→ **What you have to do**:
Your answer must hold only the lines below from the line containing "Катар одобрил вакцины" through the line containing "E-Book (epub) Overcoming", each reproduced exactly.

→ **Records for processing**:
####
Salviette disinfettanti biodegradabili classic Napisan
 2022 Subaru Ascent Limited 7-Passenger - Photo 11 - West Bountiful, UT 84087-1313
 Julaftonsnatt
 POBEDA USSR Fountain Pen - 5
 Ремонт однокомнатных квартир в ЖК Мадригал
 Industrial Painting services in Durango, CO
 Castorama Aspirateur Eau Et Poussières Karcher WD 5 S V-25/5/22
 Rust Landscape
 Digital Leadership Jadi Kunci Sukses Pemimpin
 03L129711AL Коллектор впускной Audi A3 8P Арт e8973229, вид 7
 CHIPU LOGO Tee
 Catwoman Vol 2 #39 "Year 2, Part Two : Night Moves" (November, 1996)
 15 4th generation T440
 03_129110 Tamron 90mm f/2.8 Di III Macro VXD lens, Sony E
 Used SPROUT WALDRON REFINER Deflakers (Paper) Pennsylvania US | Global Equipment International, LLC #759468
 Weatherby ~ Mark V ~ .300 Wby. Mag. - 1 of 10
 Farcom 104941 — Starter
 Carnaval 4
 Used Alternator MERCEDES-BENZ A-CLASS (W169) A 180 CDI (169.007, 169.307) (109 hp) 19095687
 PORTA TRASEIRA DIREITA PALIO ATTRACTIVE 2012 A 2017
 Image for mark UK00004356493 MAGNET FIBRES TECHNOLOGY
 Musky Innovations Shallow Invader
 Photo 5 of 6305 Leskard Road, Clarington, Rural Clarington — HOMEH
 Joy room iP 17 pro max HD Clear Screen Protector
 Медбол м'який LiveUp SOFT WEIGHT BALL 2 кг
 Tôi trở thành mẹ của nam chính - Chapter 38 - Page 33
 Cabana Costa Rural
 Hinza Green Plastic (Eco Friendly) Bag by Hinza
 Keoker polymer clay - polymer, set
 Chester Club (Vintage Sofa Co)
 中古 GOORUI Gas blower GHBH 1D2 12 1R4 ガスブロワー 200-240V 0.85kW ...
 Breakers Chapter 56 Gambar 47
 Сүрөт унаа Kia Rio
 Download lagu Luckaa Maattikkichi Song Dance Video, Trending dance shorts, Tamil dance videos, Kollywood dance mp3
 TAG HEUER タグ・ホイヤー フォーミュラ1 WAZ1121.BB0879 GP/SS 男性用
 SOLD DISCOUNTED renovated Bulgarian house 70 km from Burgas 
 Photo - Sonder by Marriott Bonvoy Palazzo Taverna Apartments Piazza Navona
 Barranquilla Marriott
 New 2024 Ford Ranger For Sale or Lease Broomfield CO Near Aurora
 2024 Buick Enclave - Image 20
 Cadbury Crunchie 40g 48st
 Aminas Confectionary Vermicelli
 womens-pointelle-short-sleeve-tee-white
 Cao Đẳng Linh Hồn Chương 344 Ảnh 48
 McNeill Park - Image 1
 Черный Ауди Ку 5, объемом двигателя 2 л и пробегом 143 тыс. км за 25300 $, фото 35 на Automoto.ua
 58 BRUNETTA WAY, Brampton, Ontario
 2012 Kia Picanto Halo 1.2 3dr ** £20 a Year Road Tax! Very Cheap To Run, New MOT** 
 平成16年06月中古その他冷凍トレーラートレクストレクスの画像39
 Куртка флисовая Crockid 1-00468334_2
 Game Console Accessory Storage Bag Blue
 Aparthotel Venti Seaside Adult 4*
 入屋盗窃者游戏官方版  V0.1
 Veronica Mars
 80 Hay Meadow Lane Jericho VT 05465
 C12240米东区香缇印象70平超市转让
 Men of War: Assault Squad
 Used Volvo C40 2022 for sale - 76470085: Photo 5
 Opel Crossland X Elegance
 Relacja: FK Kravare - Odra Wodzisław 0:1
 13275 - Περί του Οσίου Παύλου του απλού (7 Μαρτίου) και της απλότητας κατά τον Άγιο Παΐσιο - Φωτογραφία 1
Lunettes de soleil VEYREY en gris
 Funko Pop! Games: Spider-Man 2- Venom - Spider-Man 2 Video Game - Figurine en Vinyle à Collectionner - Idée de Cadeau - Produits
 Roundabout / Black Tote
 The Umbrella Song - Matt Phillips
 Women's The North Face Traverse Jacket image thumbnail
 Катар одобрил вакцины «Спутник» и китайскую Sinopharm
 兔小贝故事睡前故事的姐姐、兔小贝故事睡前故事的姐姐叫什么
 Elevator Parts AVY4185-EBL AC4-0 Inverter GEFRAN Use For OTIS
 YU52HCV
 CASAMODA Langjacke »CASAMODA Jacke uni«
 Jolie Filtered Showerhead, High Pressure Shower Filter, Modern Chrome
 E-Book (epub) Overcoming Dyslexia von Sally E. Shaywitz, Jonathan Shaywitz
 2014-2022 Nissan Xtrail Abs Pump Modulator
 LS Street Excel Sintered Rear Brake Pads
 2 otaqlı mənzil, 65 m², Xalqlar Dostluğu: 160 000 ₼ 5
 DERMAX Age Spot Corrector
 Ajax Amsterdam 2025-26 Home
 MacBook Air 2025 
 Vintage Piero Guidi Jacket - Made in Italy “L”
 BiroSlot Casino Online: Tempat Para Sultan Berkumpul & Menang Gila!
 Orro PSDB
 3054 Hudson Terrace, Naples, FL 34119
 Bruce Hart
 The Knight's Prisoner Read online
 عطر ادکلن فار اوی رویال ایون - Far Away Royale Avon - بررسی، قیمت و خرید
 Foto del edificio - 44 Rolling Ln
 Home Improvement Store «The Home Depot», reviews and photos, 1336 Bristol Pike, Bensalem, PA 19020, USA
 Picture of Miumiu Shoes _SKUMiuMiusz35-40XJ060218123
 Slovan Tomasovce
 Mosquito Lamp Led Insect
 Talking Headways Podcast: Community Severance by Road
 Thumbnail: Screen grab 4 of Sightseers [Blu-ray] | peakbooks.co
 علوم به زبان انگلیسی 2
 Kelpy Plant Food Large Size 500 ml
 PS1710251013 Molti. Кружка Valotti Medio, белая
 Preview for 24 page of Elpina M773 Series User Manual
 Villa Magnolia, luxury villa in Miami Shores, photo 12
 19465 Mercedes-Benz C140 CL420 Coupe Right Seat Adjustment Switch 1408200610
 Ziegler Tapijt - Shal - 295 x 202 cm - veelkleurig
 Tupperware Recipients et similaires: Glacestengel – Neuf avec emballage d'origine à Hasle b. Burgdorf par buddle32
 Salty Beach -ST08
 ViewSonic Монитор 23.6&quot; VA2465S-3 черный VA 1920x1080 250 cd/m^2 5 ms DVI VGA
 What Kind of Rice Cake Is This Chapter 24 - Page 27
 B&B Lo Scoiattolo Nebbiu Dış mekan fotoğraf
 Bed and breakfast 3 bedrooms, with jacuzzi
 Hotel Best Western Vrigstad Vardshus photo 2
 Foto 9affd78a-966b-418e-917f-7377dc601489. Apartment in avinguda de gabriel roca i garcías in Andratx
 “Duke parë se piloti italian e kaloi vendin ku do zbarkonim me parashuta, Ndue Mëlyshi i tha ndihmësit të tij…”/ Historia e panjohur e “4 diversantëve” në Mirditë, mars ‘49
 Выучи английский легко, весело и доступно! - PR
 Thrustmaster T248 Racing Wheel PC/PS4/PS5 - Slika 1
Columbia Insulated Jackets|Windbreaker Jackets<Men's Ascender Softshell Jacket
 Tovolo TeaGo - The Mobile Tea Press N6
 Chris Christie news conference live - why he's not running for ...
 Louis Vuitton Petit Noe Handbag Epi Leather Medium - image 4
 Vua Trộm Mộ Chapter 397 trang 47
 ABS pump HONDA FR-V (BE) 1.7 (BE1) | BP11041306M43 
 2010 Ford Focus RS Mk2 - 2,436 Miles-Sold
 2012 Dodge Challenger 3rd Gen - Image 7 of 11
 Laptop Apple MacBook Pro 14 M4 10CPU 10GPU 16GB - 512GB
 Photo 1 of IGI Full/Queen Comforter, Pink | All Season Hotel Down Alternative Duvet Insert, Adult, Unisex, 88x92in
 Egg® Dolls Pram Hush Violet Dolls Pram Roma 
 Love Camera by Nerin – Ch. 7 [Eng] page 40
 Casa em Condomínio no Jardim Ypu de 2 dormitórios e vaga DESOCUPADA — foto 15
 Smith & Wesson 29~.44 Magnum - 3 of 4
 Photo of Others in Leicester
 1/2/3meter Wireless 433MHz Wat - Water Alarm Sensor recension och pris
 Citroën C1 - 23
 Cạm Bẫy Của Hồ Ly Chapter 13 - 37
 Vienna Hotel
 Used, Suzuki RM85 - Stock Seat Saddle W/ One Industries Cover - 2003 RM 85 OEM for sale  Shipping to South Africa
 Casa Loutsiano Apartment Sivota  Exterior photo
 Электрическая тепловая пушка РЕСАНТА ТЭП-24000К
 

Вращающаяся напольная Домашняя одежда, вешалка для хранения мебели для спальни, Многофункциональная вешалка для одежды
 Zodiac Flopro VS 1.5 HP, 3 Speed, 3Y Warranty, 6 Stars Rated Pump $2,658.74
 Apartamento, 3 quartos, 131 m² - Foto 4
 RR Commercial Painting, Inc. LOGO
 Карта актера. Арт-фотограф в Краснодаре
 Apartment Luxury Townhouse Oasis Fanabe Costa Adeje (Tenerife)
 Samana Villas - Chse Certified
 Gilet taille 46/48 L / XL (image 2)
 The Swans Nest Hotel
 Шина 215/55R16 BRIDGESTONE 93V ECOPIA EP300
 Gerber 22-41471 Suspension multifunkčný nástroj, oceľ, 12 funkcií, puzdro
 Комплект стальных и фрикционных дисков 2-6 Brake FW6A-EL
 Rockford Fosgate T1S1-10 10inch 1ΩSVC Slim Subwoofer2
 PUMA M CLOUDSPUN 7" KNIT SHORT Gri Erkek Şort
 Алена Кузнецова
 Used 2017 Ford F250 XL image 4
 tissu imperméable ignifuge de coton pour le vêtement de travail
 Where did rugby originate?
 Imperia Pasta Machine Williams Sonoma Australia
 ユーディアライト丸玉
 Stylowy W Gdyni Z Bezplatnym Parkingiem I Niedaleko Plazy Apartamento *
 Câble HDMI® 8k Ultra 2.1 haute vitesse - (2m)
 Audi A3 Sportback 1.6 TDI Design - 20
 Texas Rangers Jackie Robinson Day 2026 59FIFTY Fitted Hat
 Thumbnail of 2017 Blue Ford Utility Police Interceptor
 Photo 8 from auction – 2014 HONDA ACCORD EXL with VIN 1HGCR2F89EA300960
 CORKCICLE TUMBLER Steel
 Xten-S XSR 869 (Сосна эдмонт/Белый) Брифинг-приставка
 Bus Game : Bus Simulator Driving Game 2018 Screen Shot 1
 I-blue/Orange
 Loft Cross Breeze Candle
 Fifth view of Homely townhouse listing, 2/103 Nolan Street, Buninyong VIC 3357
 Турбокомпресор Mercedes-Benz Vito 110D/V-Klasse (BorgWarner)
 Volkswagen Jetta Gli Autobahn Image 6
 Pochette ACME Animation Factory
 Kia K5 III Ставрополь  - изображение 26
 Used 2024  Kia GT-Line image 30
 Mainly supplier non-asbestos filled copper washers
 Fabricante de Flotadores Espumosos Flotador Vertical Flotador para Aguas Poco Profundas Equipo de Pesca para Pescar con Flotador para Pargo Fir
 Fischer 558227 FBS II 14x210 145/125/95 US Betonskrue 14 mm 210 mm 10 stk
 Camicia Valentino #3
####
→ **Finished task**:
 Катар одобрил вакцины «Спутник» и китайскую Sinopharm
 兔小贝故事睡前故事的姐姐、兔小贝故事睡前故事的姐姐叫什么
 Elevator Parts AVY4185-EBL AC4-0 Inverter GEFRAN Use For OTIS
 YU52HCV
 CASAMODA Langjacke »CASAMODA Jacke uni«
 Jolie Filtered Showerhead, High Pressure Shower Filter, Modern Chrome
 E-Book (epub) Overcoming Dyslexia von Sally E. Shaywitz, Jonathan Shaywitz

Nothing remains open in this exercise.